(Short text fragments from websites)
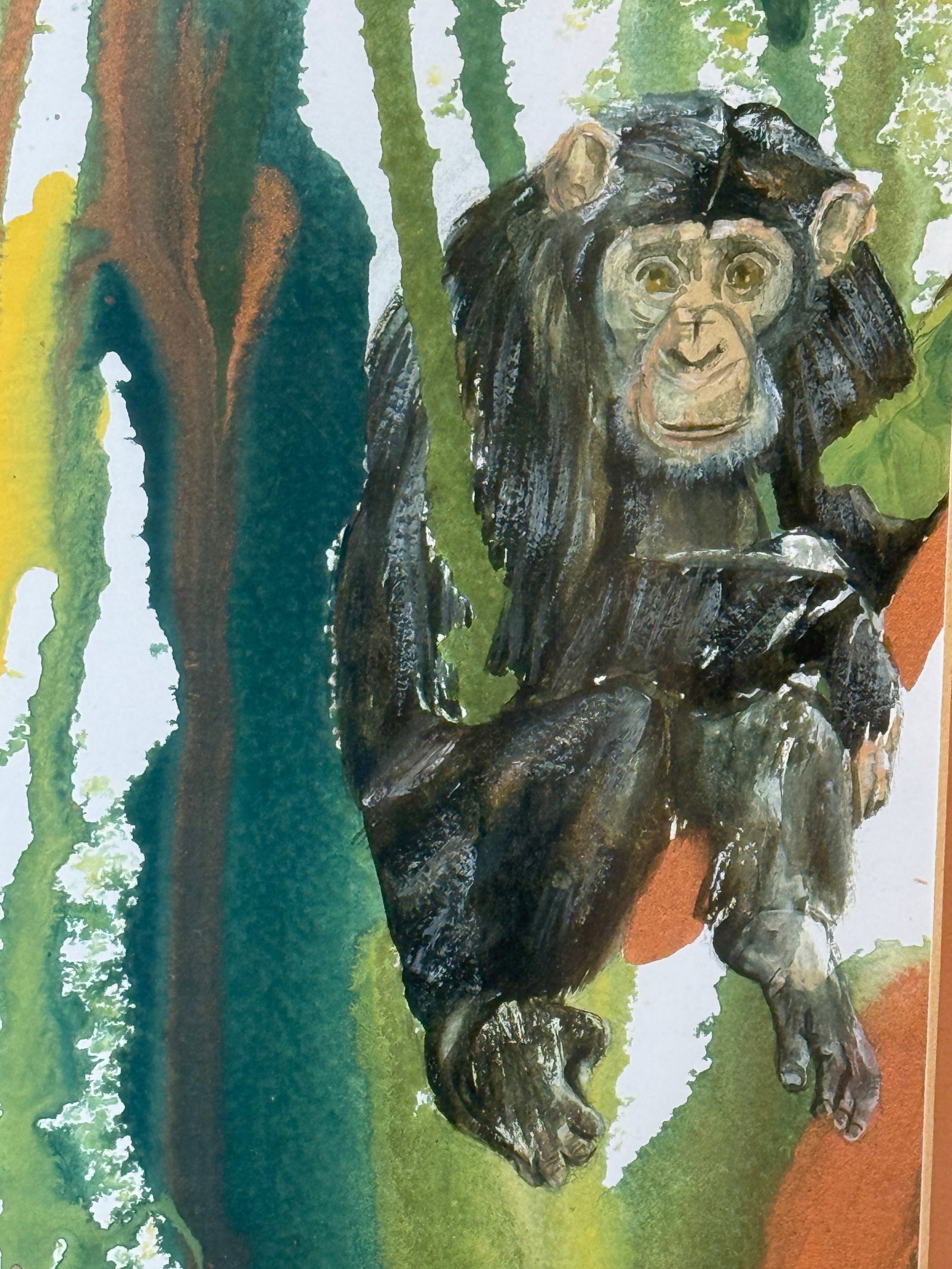 Late 20th Century Artist Signed Water Color Monkey Art -a Pair - 5
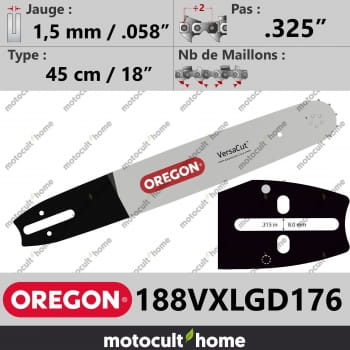 Guide de tronçonneuse Oregon 188VXLGD176 VersaCut 45 cm .325"-30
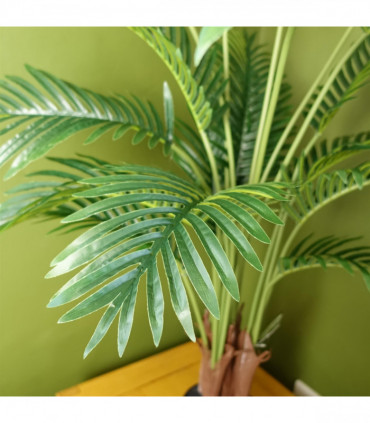 Artificial Areca Palm Tree 110cm Large Green Potted in Black Pot Home Decor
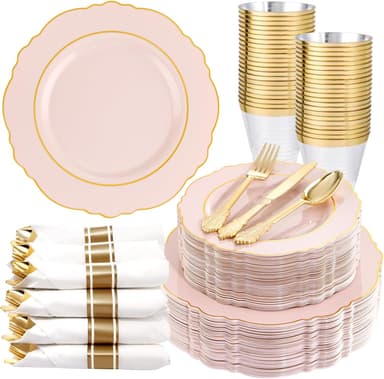Liacere 350PCS Pink Plates Disposable - Pink and Gold Plates 50guest Baroque Plastic Dinnerware include 100Plates, 50Pack Pre Rolled Napkins with Silverware 50Cups Perfect for Wedding＆Mother's Day - Image 2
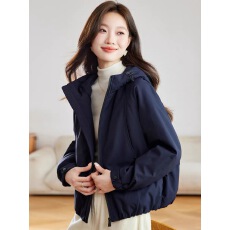 批发夹棉连帽<b class='q'>外套</b>女2025新款秋冬短款时尚休闲中老年妈妈轻薄小棉袄潮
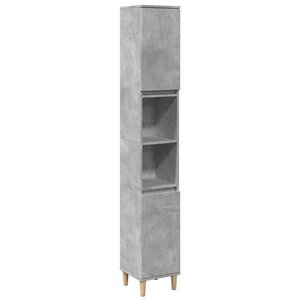 vidaXL Armoire de salle de bain gris béton 30x30x190 cm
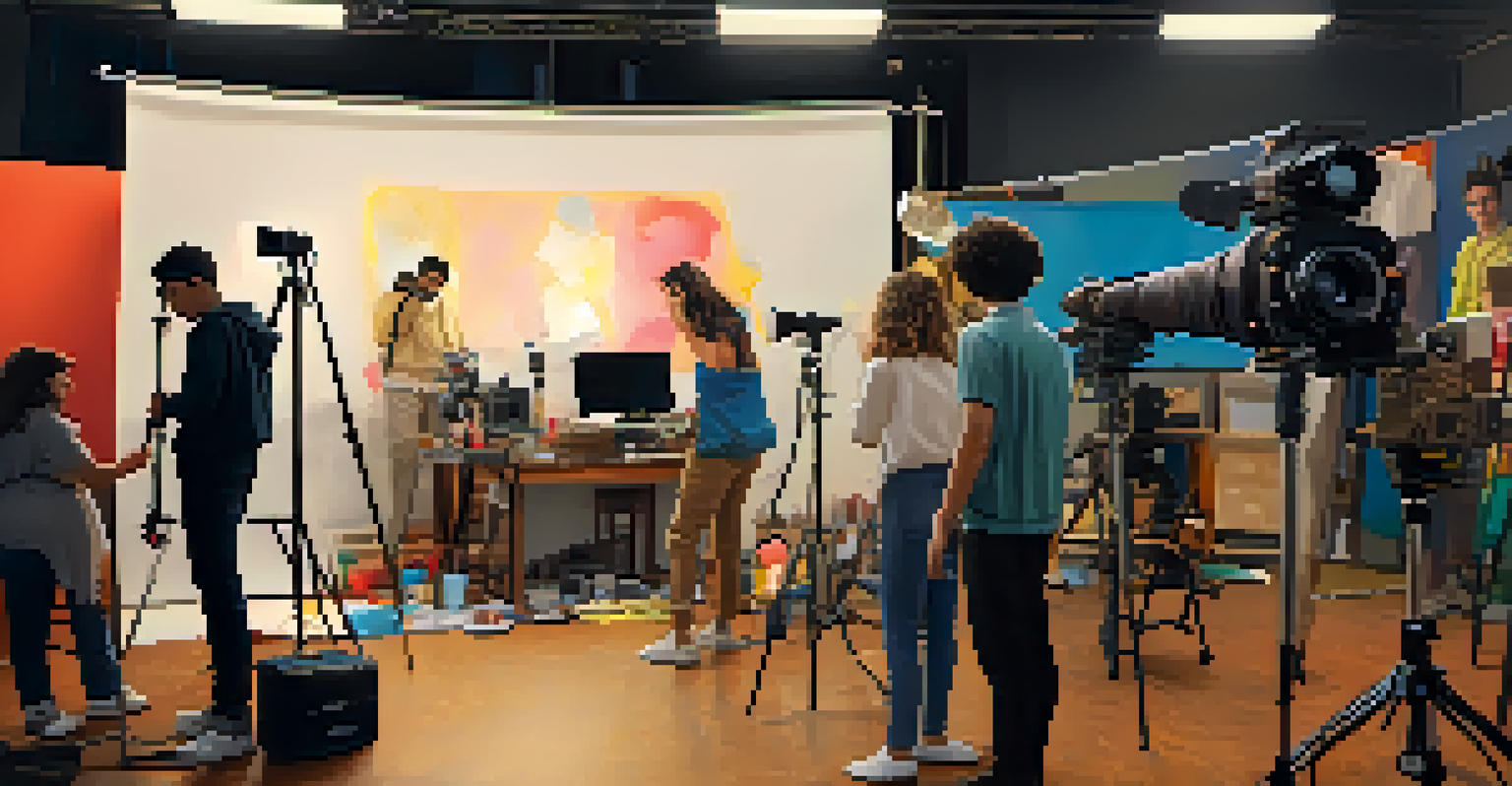 Students collaborating on a film set, with cameras and lights, reflecting a creative and energetic atmosphere.
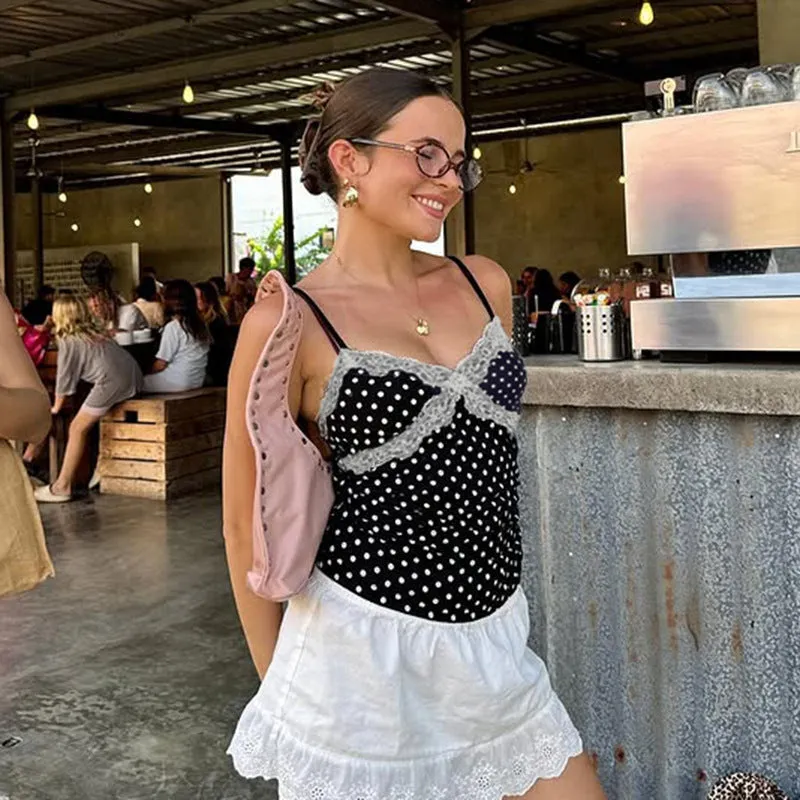 Chic Polka Dot Lace-Trimmed V-Neck Camisole for Effortless Elegance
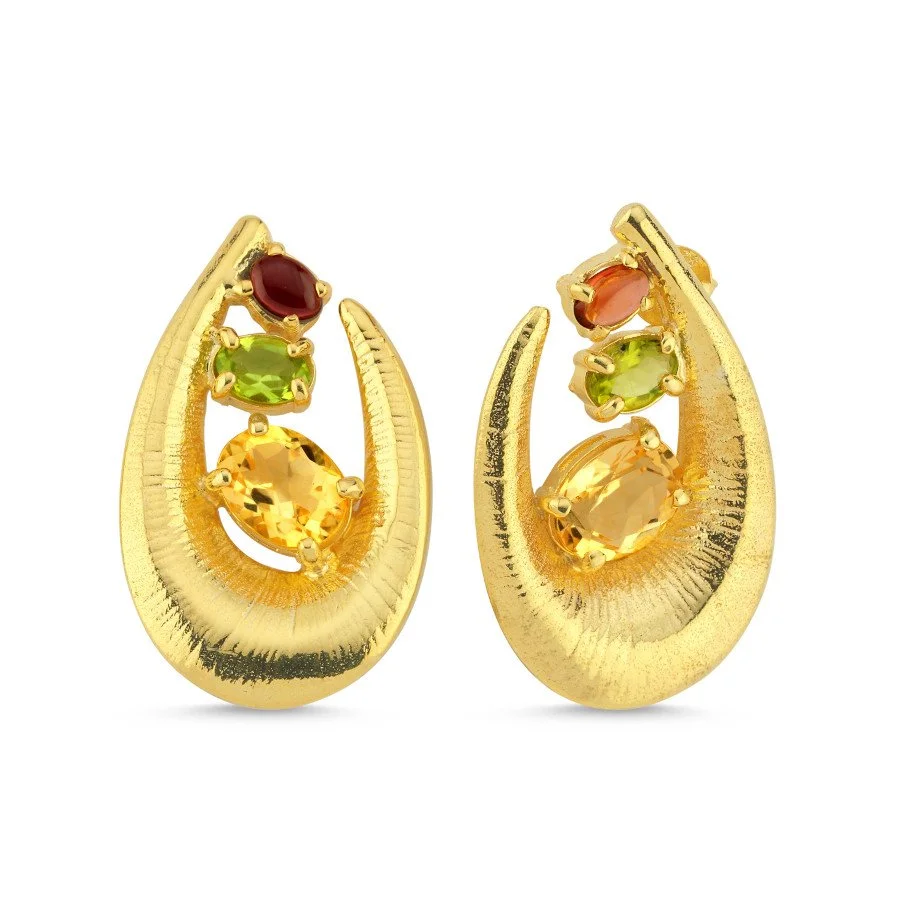 Sitrin Peridot Granat Taşlı Tasarım Gümüş Küpe - 1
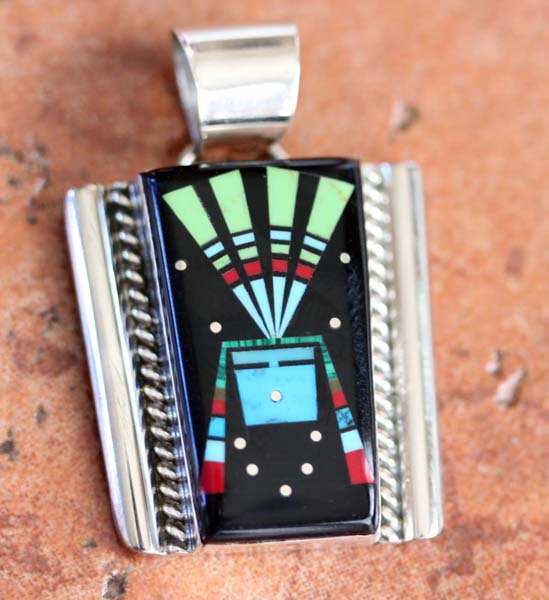 Zuni Native American Sunface Pendant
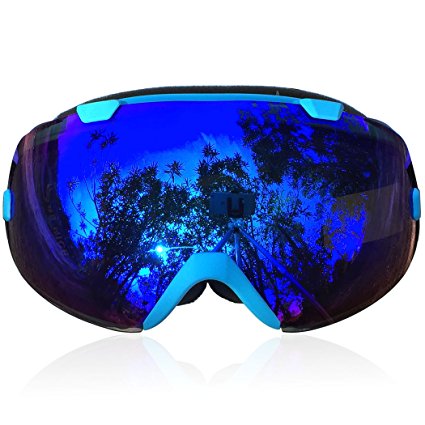 ZIONOR iSki 2X Ski Goggles with UV Protection Anti-fog Dual-lens Helmet Compatible for Adult Men and Women Amateur Avid Professional Ski Snowboard Snowmobile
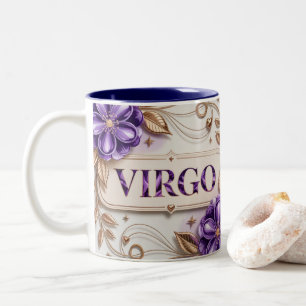 Twee Tinten Blauw Wit Crème Paarse Maagd Beker Tweekleurige Koffiemok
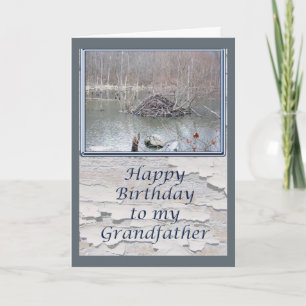 Tarjeta Beaver Lodge Grandfather Birday Card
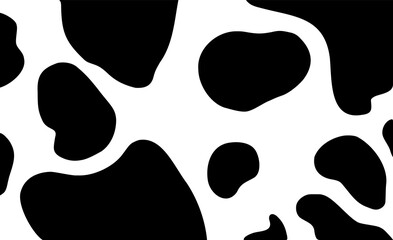 Trendy black and white cow print. Vector spotted pattern.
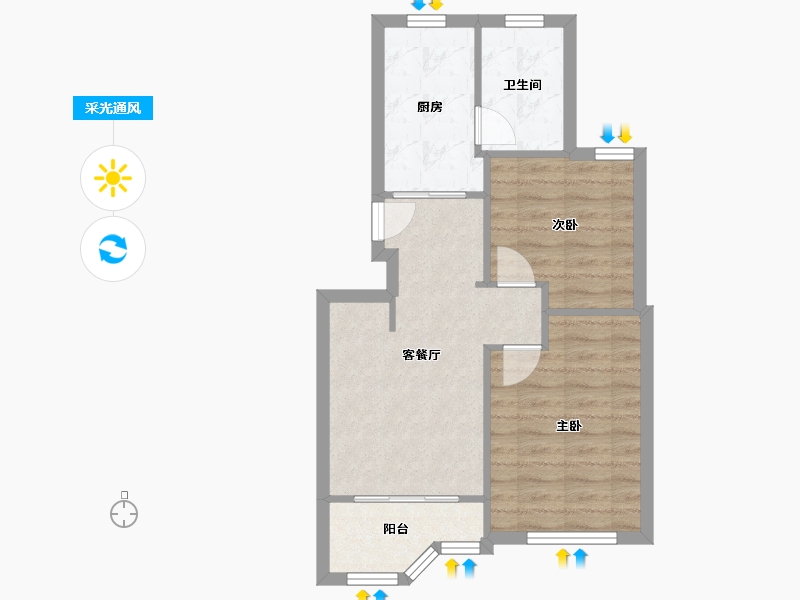 上海-上海市-南江苑-55.19-户型库-采光通风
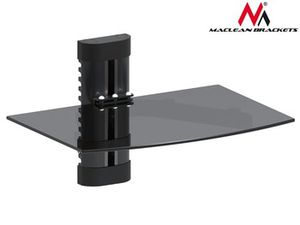 Maclean MC-663 1-Tier Wall Floating Glass Shelf Support DVD Console PS3 Xbox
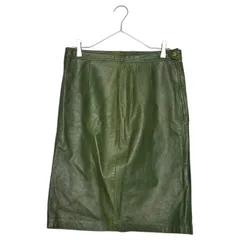 LOEWE(ロエベ) leather trapezoid skirt レザー 台形 スカート ダークグリーンのサムネイル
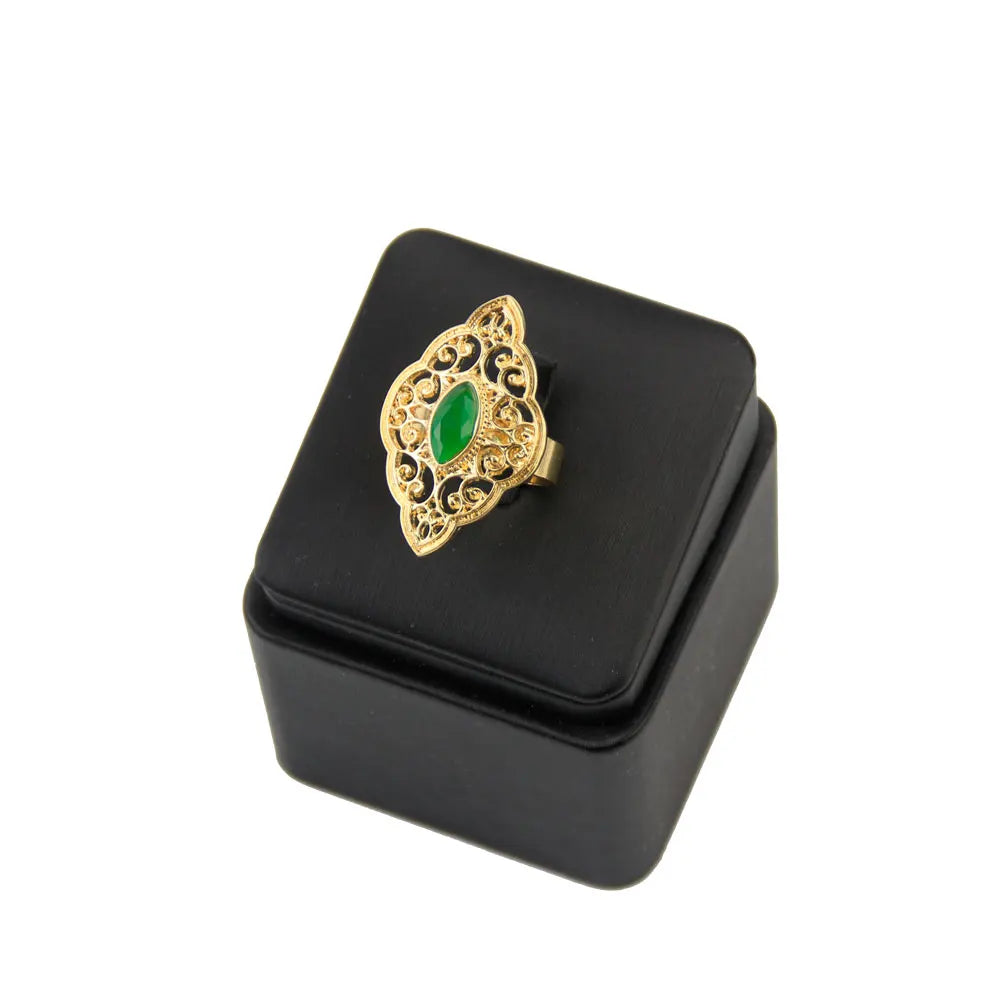 Sunspicems Elegant Gold Color Arabesque Ring for Women Boho Opening Ring Crystal Wedding Jewelry African Golden Bride Gift 2020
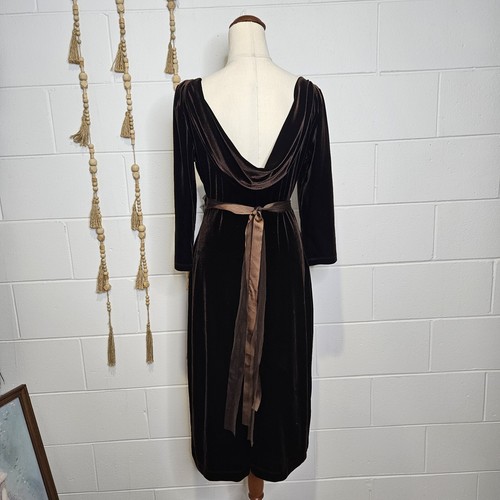 Lounge Australia Brown Velvet Dress Stretchy Size 12 Bodycon Midi Vintage 90s - Picture 4 of 15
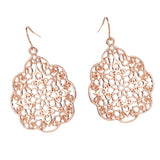Maxbell Vintage Bohemia Women Hollow Flower Drop Dangle Earrings Ear Hook Rose Gold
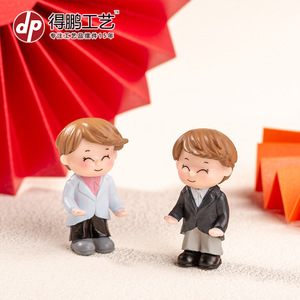 Miniature Cartoon <b>Doll</b> Figurines Wedding Couple Cake Decorations PVC Hugging Pair Blue Pink Black White D1275 - Product Image 3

Problem statement: Output nothing but the entries above, exactly, once the pictures are removed.

Solved problem:
 Late 20th Century Artist Signed Water Color Monkey Art -a Pair - 5
 Guide de tronçonneuse Oregon 188VXLGD176 VersaCut 45 cm .325"-30
 Artificial Areca Palm Tree 110cm Large Green Potted in Black Pot Home Decor
Liacere 350PCS Pink Plates Disposable - Pink and Gold Plates 50guest Baroque Plastic Dinnerware include 100Plates, 50Pack Pre Rolled Napkins with Silverware 50Cups Perfect for Wedding＆Mother's Day - Image 2
 批发夹棉连帽<b class='q'>外套</b>女2025新款秋冬短款时尚休闲中老年妈妈轻薄小棉袄潮
 vidaXL Armoire de salle de bain gris béton 30x30x190 cm
 Students collaborating on a film set, with cameras and lights, reflecting a creative and energetic atmosphere.
 Chic Polka Dot Lace-Trimmed V-Neck Camisole for Effortless Elegance
 Sitrin Peridot Granat Taşlı Tasarım Gümüş Küpe - 1
 Zuni Native American Sunface Pendant
 ZIONOR iSki 2X Ski Goggles with UV Protection Anti-fog Dual-lens Helmet Compatible for Adult Men and Women Amateur Avid Professional Ski Snowboard Snowmobile
 Twee Tinten Blauw Wit Crème Paarse Maagd Beker Tweekleurige Koffiemok
 Tarjeta Beaver Lodge Grandfather Birday Card
 Trendy black and white cow print. Vector spotted pattern.
 上海-上海市-南江苑-55.19-户型库-采光通风
 Maclean MC-663 1-Tier Wall Floating Glass Shelf Support DVD Console PS3 Xbox
 LOEWE(ロエベ) leather trapezoid skirt レザー 台形 スカート ダークグリーンのサムネイル
 Sunspicems Elegant Gold Color Arabesque Ring for Women Boho Opening Ring Crystal Wedding Jewelry African Golden Bride Gift 2020
 Lounge Australia Brown Velvet Dress Stretchy Size 12 Bodycon Midi Vintage 90s - Picture 4 of 15
Maxbell Vintage Bohemia Women Hollow Flower Drop Dangle Earrings Ear Hook Rose Gold
 Miniature Cartoon <b>Doll</b> Figurines Wedding Couple Cake Decorations PVC Hugging Pair Blue Pink Black White D1275 - Product Image 3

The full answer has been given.